ACTIVITY:
Exactly reproduce the lines from the one containing "Chop-Chop Round Glass" through the last line of the data, both ends included, leaving out pictures.

[Short text fragments from websites]
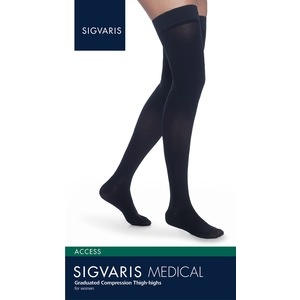 slide 1 of 1, Sigvaris Women's Acce 970 Thigh-High Firm Compreion - Large Long Light Beige (Crispa), 1 ct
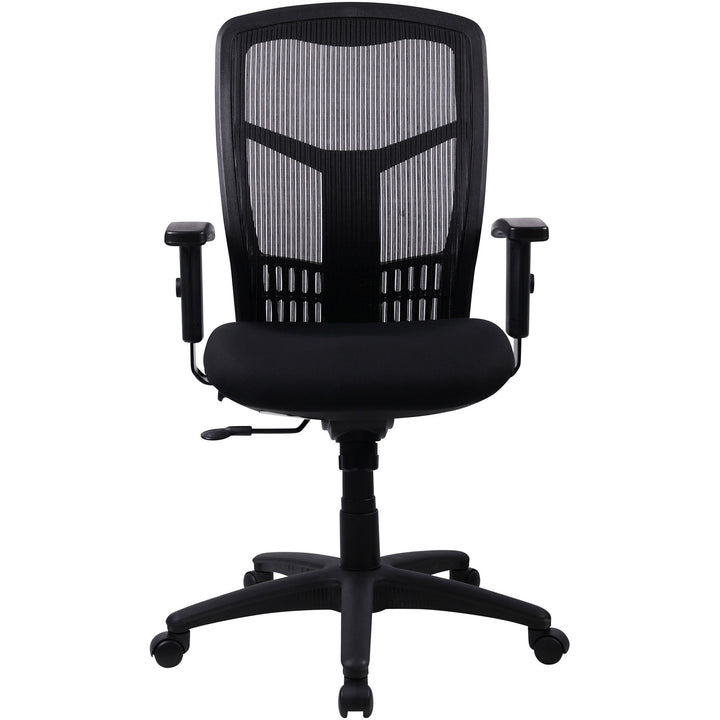 Image of Lorell High-Back Chair,Exec,Swivel,28-1/2"x28-1/2"x45",Black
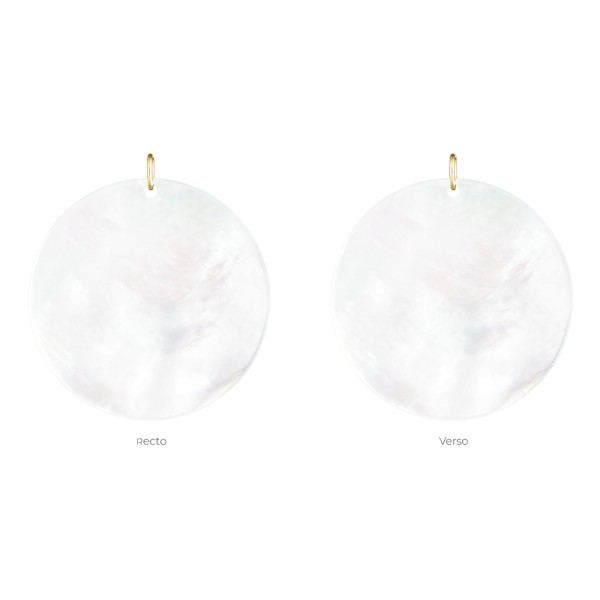 Jeton Lepage Colette Nuage en or jaune et nacre blanche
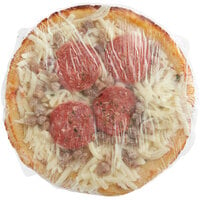 Papa Primo's 7" Freezer-to-Oven All Meat Pizza - 12/Case
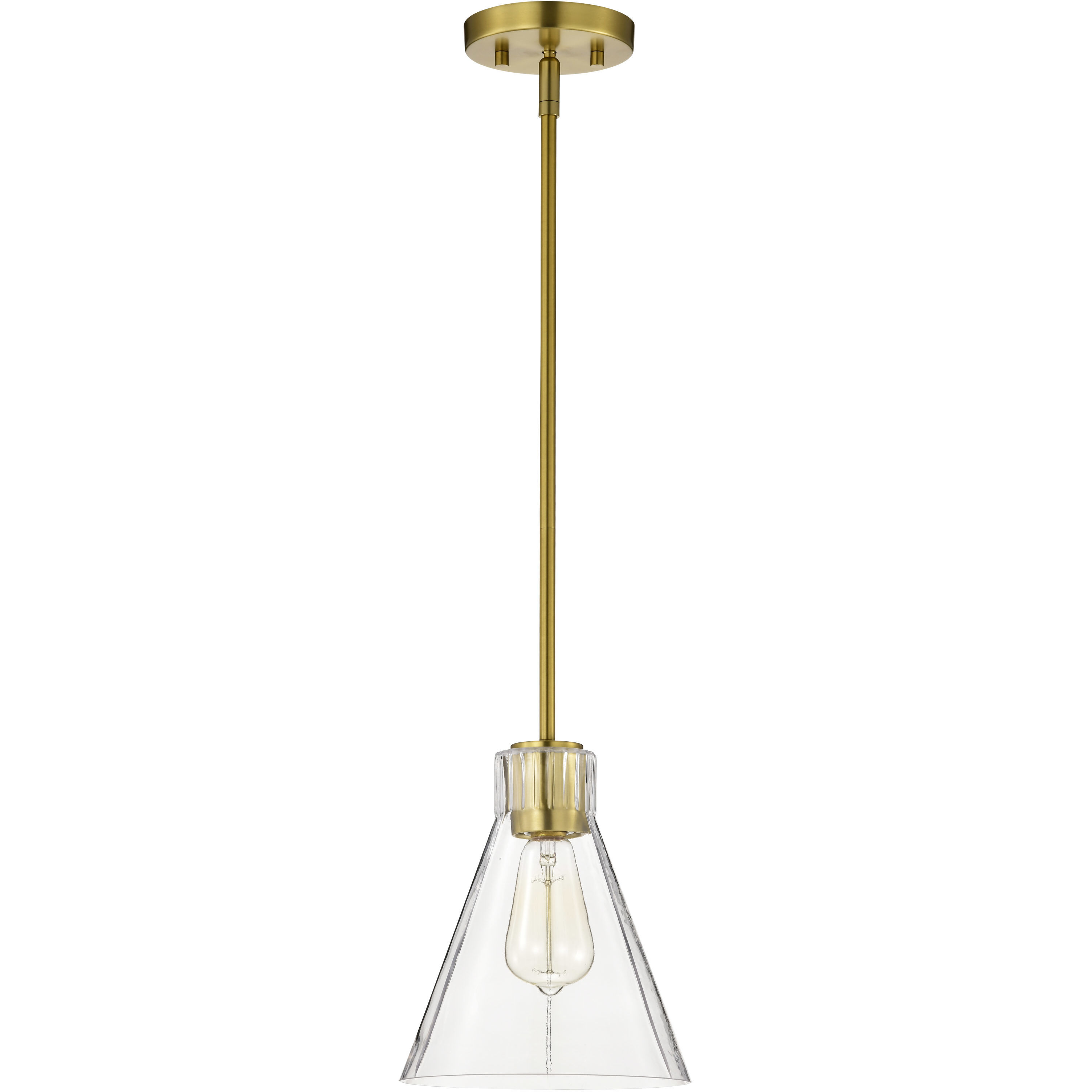 Gianna 8 inch Vintage Brass Pendant Ceiling Light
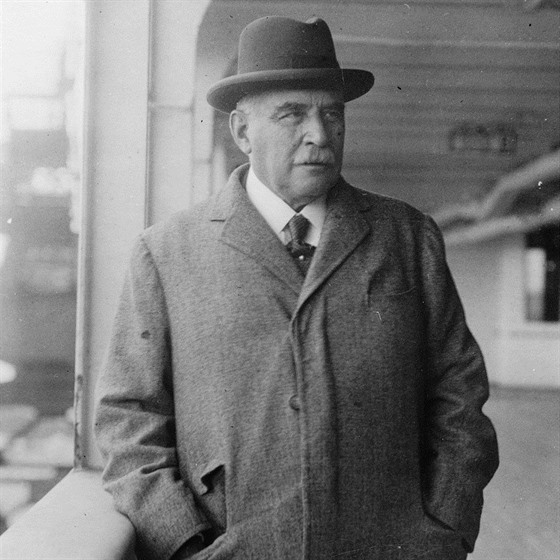 John Pierpont Morgan na snímku z roku 1933, kdy se rozhodl odejít na odpoinek...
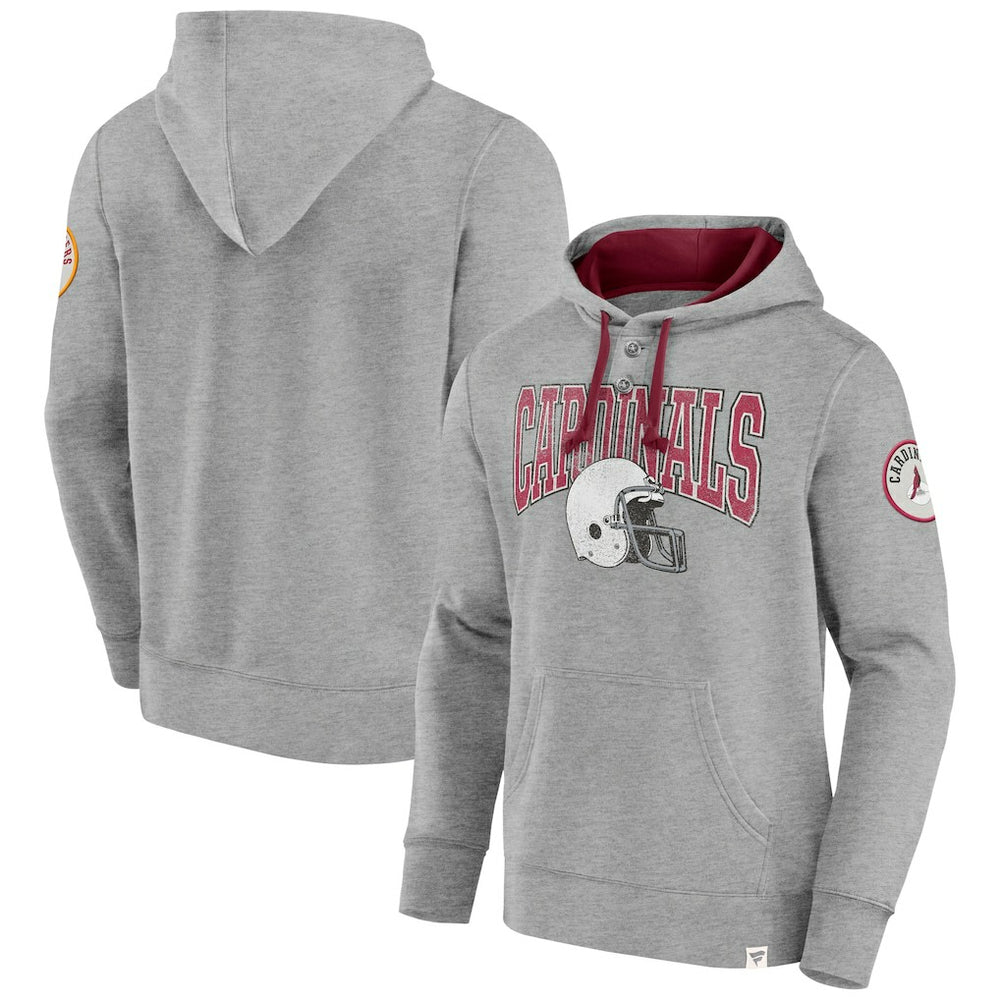 Arizona Cardinals Label Maker Pullover Hoodie - Heather Gray for sale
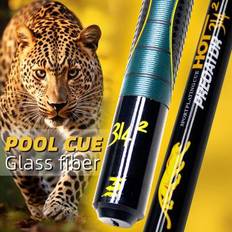 Modern Glass Pool Cue | 13 mm Ombre Läderspets | QuickLock-led | 142 cm 61 cl Lätt | Frostat Grepp Hemmabar Biljard - Dammblå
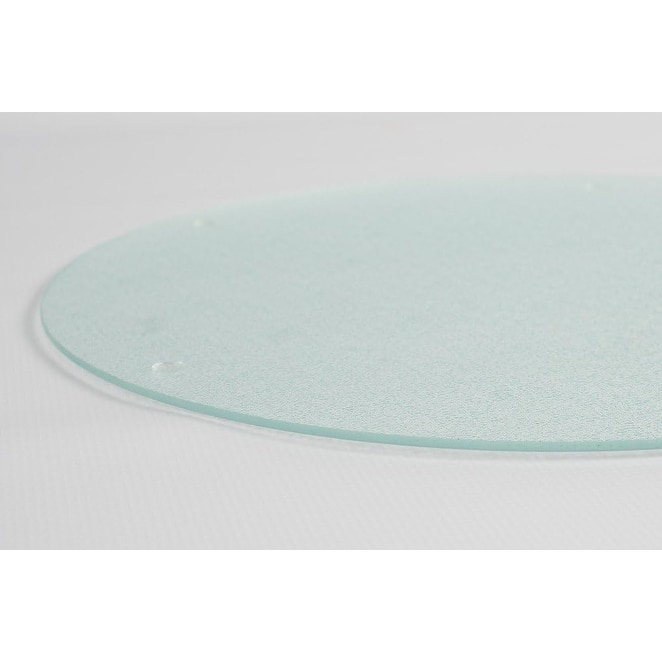 Chop-Chop Round Glass Cutting Board Or Counter Saver, 16 Inches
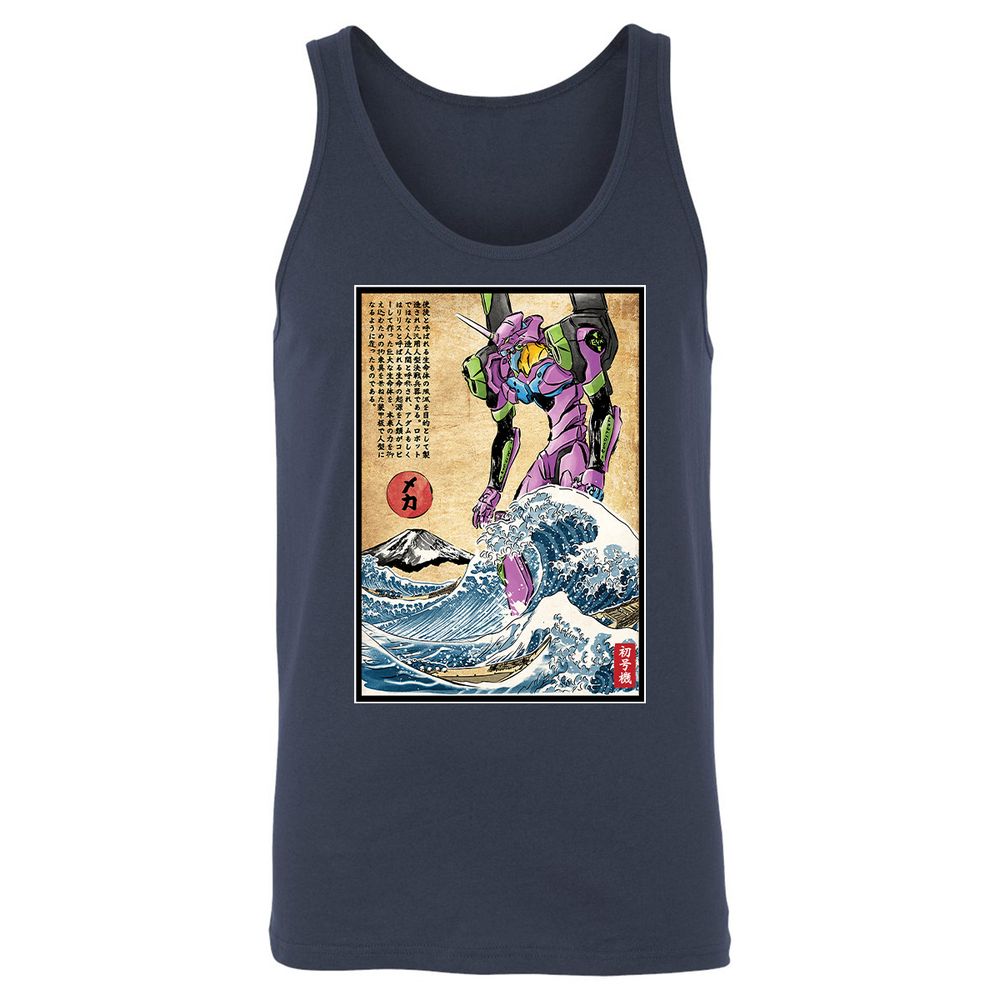 Unisex Jersey Tank - VKJLDL16 - Navy - 2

OUTPUT FOR THIS EXERCISE:
 Chop-Chop Round Glass Cutting Board Or Counter Saver, 16 Inches
 Unisex Jersey Tank - VKJLDL16 - Navy - 2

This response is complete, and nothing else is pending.